Nicolas Goetzmann : Emmanuel Macron et le gouvernement peuvent justifier politiquement une telle mesure sur l’angle déjà utilisé par Nicolas Sarkozy il y a maintenant 10 ans : “travailler plus pour gagner plus”. Or, la subtilité ici est plutôt de proposer de travailler plus pour payer moins d’impôts, l’allongement de la durée du travail étant considérée comme la contrepartie demandée contre la baisse des impôts dont bénéficieront les classes moyennes. C’est un argument politique qui entre en résonance avec l’idée assez largement partagée dans l’opinion que les Français ne travaillent pas suffisamment.  

D’un point de vue théorique, ce qui est recherché par le gouvernement, c’est donc l’accroissement du nombre d’heures travaillées en France.

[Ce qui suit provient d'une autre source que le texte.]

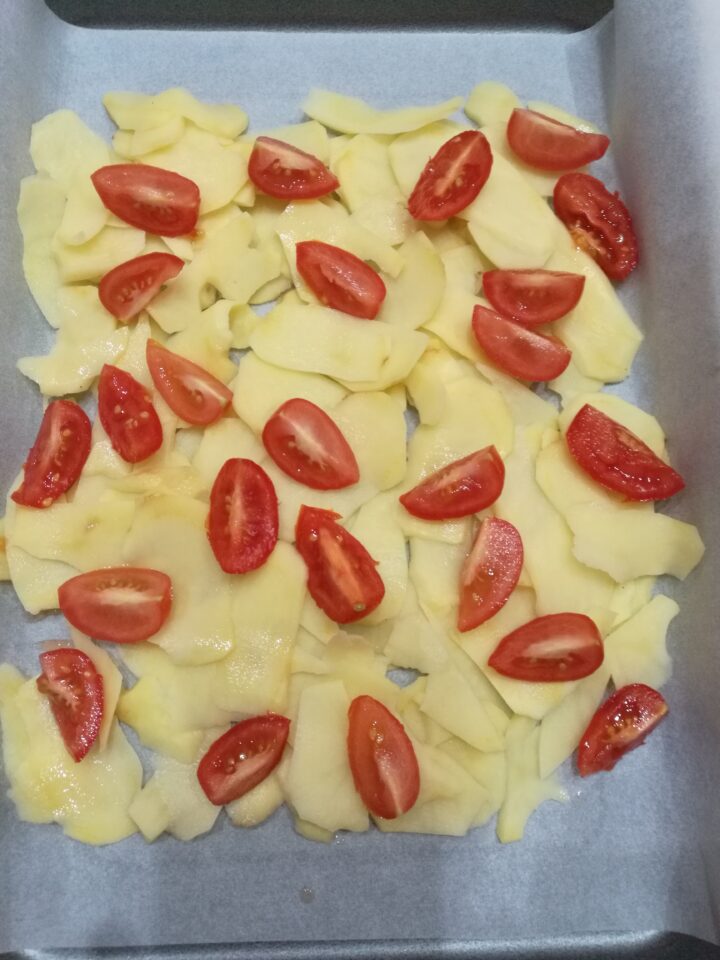 Patate e pomodorini tagliati a spicchi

Le problème ici, c’est que le pays dispose d’ores et déjà d’un potentiel d’heures non travaillées qui est très important, c’est ce que montrait l’INSEE dans une publication de ce mois d’avril 2019, qui expose le taux de sous utilisation de la main d’oeuvre dans l’Union européenne, dont la France (ce taux est proche de 17% de la population active en France).  

Il est donc difficile de considérer que la France doit travailler plus alors qu’il existe une forte proportion de la population qui n’est pas “utilisée”, soit au travers du chômage, du temps partiel, du sous-emploi etc. On pourrait très bien justifier une telle position sur le taux d’emploi était à un niveau de rupture, mais le fait est que cela n’est pas du tout le cas. La justification est donc à chercher ailleurs. Dans une économie ou la sous utilisation de la main d’oeuvre est aussi intense que celle-ci, un allongement de la durée du travail aura simplement pour effet d’abaisser son coût pour les employeurs qui, toujours dans un contexte de chômage de masse, conservent un pouvoir de négociation bien supérieur à celui dont disposent les salariés. C’est donc plutôt un écrasement du coût du travail qui est recherché par une telle mesure, plutôt qu’une volonté de mieux récompenser le travail des salariés Français. La “valeur travail” peut donc être invoquée, mais le résultat ne peut être à la hauteur des attentes.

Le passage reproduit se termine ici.